13O temor do Senhor detesta o mal. E eu detesto o orgulho, a arrogância, a má conduta e a boca mentirosa.
14A mim pertencem o conselho e a equidade, a inteligência e a fortaleza.
15Por mim reinam os reis, e os legisladores decretam a justiça;
16por mim governam os príncipes e os nobres dão sentenças justas.
17Amo aqueles que me amam; quem me procura, encontrar-me-á.
18Estão comigo a riqueza e a glória, os bens duradouros e a justiça.
19O meu fruto é mais precioso que o ouro mais fino; o meu lucro vale mais que a prata mais pura.

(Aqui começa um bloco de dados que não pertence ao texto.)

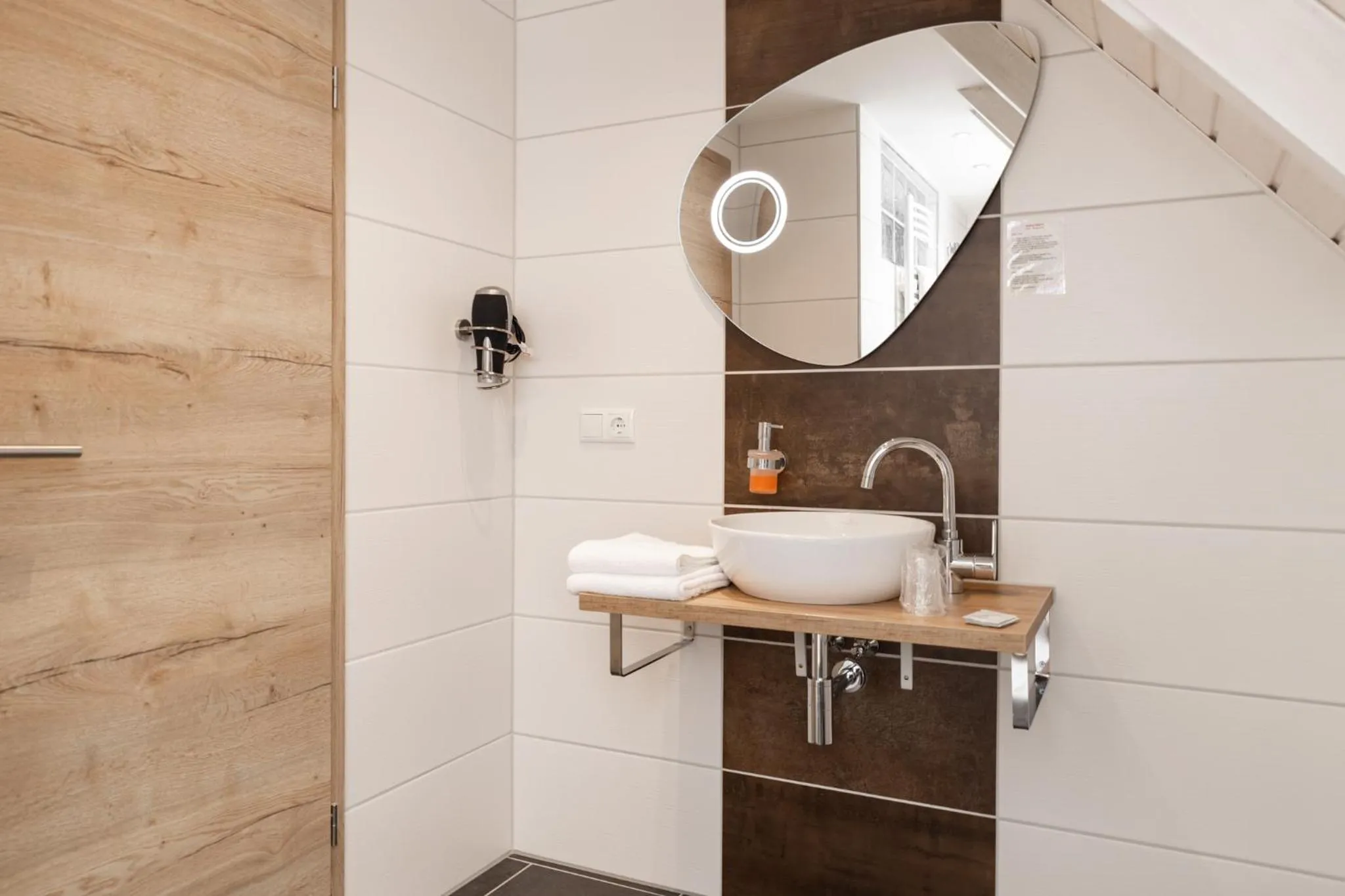 Bathroom in Hotel-Restaurant Straussen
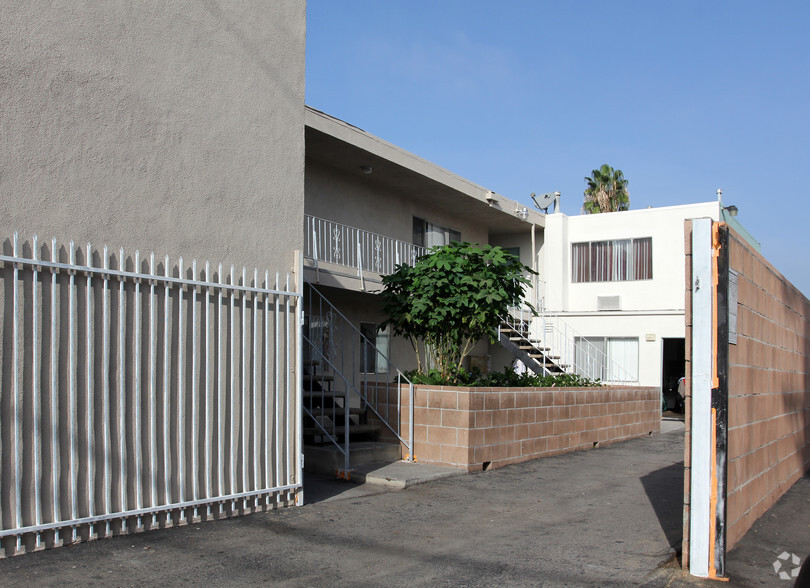 13527 Van Nuys Blvd, Pacoima, CA for sale - Primary Photo - Image 1 of 1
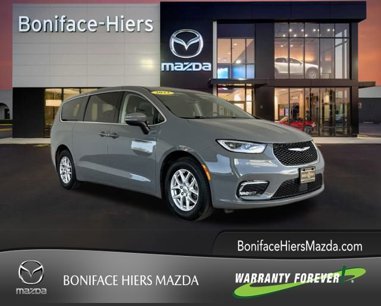 Used 2023 Chrysler Pacifica Touring-L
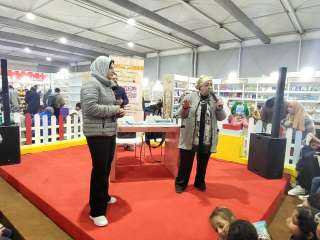 الفعاليات التثقيفية للطفل بمعرض القاهرة الدولي للكتاب تشهد تفاعلا وإقبالا كبيرين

20Eu caminho pelas sendas da justiça e ando pelas vias do direito,
21para enriquecer os que me amam e encher de riqueza os seus tesouros.
22O Senhor criou-me, como primícias das suas obras, desde o princípio, antes que criasse coisa alguma.
23Desde a eternidade fui formada, desde as origens, antes dos primórdios da terra.
24Ainda não havia os abismos e eu já tinha sido concebida; ainda as fontes das águas não tinham brotado;
25antes que as montanhas fossem implantadas, antes de haver outeiros, eu já tinha nascido.
26Ainda Ele não tinha criado a terra nem os campos, nem os primeiros elementos do mundo.
27Quando Ele formava os céus, ali estava eu; quando colocava a abóbada por cima do abismo,
28quando condensava as nuvens, nas alturas, quando continha as fontes do abismo,
29quando fixava ao mar os seus limites, para que as águas não ultrapassassem a sua orla; quando assentou os fundamentos da terra,
30eu estava com Ele como arquitecto, e era o seu encanto, todos os dias, brincando continuamente em sua presença;
31brincava sobre a superfície da Terra, e as minhas delícias é estar junto dos seres humanos.
32Agora, meus filhos, ouvi-me: Felizes os que seguem os meus caminhos.
33Ouvi as minhas instruções para serdes sábios; não queirais rejeitá-las.
34Feliz o homem que me ouve e que vela todos os dias à minha porta e é assíduo no limiar da minha casa!
35Aquele que me encontrar, encontrará a vida e alcançará o favor do Senhor.
36Mas quem me ofender, prejudica-se a si mesmo e os que me odeiam amam a morte.